[Crawled caption data]
◇ ◇ ◇ ◇ ◇

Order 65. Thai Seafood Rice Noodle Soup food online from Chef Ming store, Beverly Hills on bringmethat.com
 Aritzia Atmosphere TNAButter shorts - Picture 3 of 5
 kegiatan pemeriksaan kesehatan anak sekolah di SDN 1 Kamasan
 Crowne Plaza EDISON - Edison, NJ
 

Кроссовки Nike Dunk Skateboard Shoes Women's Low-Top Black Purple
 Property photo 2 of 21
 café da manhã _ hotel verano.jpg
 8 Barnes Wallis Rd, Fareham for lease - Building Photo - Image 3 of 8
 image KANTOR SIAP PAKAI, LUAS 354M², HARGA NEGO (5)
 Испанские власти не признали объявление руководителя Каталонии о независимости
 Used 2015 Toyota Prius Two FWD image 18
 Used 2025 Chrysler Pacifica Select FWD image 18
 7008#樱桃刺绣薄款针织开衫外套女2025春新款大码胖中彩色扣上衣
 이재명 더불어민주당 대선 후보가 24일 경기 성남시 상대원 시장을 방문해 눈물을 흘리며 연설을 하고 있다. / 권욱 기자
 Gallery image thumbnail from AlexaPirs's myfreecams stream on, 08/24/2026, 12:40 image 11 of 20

◇ ◇ ◇ ◇ ◇

_Exercise description_
Nothing should appear in the answer except the lines from the one containing "Used 2025 Chrysler" to the end of the data above, reproduced exactly.

_Task output_
 Used 2025 Chrysler Pacifica Select FWD image 18
 7008#樱桃刺绣薄款针织开衫外套女2025春新款大码胖中彩色扣上衣
 이재명 더불어민주당 대선 후보가 24일 경기 성남시 상대원 시장을 방문해 눈물을 흘리며 연설을 하고 있다. / 권욱 기자
 Gallery image thumbnail from AlexaPirs's myfreecams stream on, 08/24/2026, 12:40 image 11 of 20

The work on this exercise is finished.